• [Data section]:
=== Begin Enclosure ===
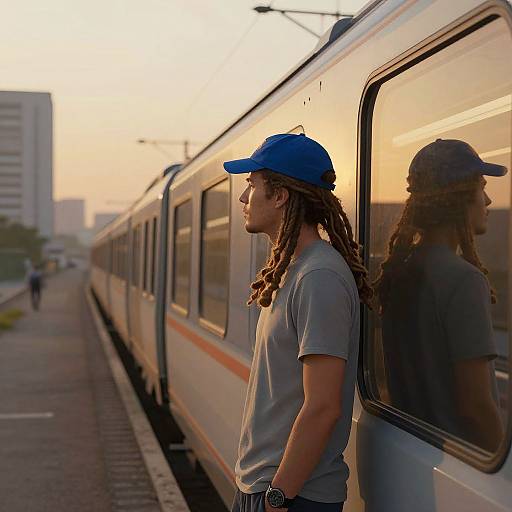 Contemplative Man on Moving Train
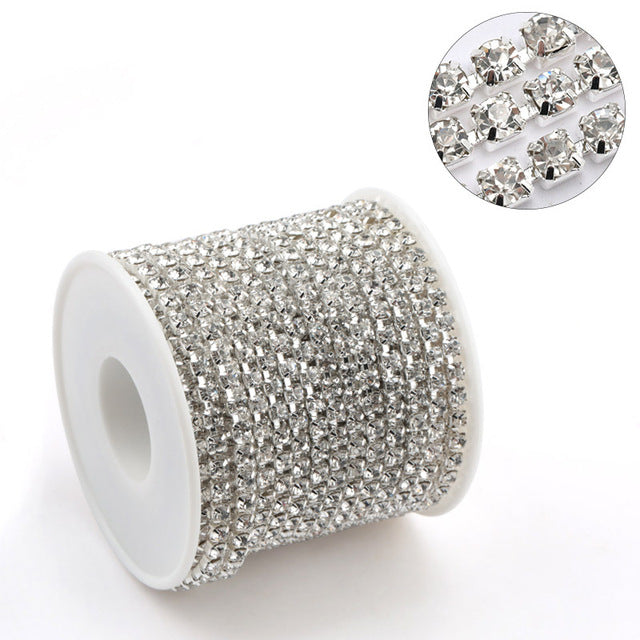 1Yard/Pack Glitter Crystal Rhinestones For Clothing Loose Flatback Sew On Rhinestone Chain AB Glass Rhinestones With Claw Z200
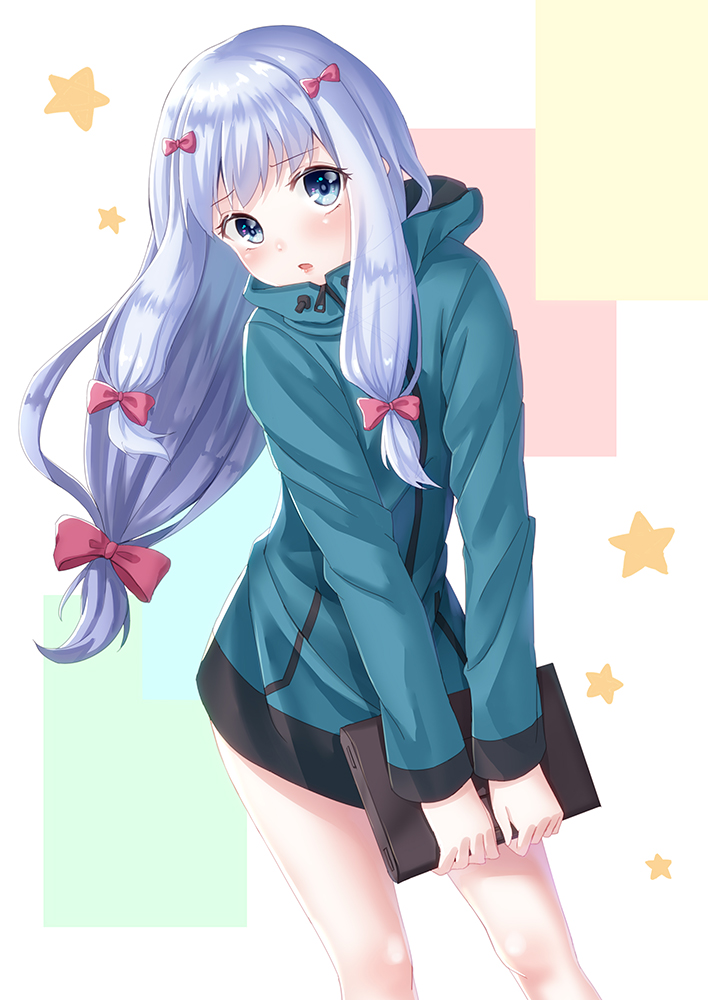 1girl blue_eyes blue_sweater blush bottomless bow eromanga_sensei floating_hair hair_bow holding izumi_sagiri long_hair looking_at_viewer open_mouth pink_bow silver_hair solo standing sumomo7317 sweater very_long_hair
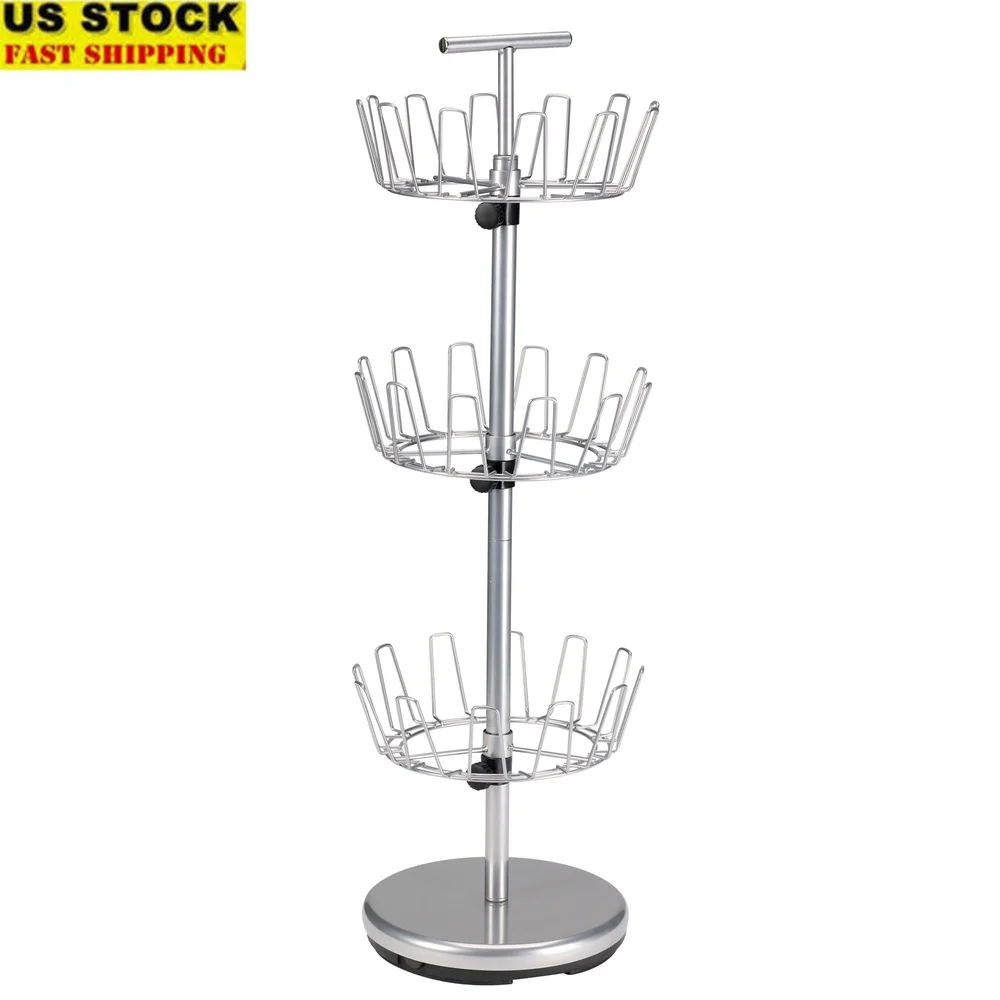 

3-Tier Shoe Storage Rack 18 Pairs Revolving Shoe Tree Sturdy Space-Saving Indoor Organizer Adjustable Tiers Chrome Finish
=== End Enclosure ===
• [Exercise objective]:
Copy out every line above without change, dropping the pictures.

• [Response below]:
 Contemplative Man on Moving Train
 1Yard/Pack Glitter Crystal Rhinestones For Clothing Loose Flatback Sew On Rhinestone Chain AB Glass Rhinestones With Claw Z200
 1girl blue_eyes blue_sweater blush bottomless bow eromanga_sensei floating_hair hair_bow holding izumi_sagiri long_hair looking_at_viewer open_mouth pink_bow silver_hair solo standing sumomo7317 sweater very_long_hair

3-Tier Shoe Storage Rack 18 Pairs Revolving Shoe Tree Sturdy Space-Saving Indoor Organizer Adjustable Tiers Chrome Finish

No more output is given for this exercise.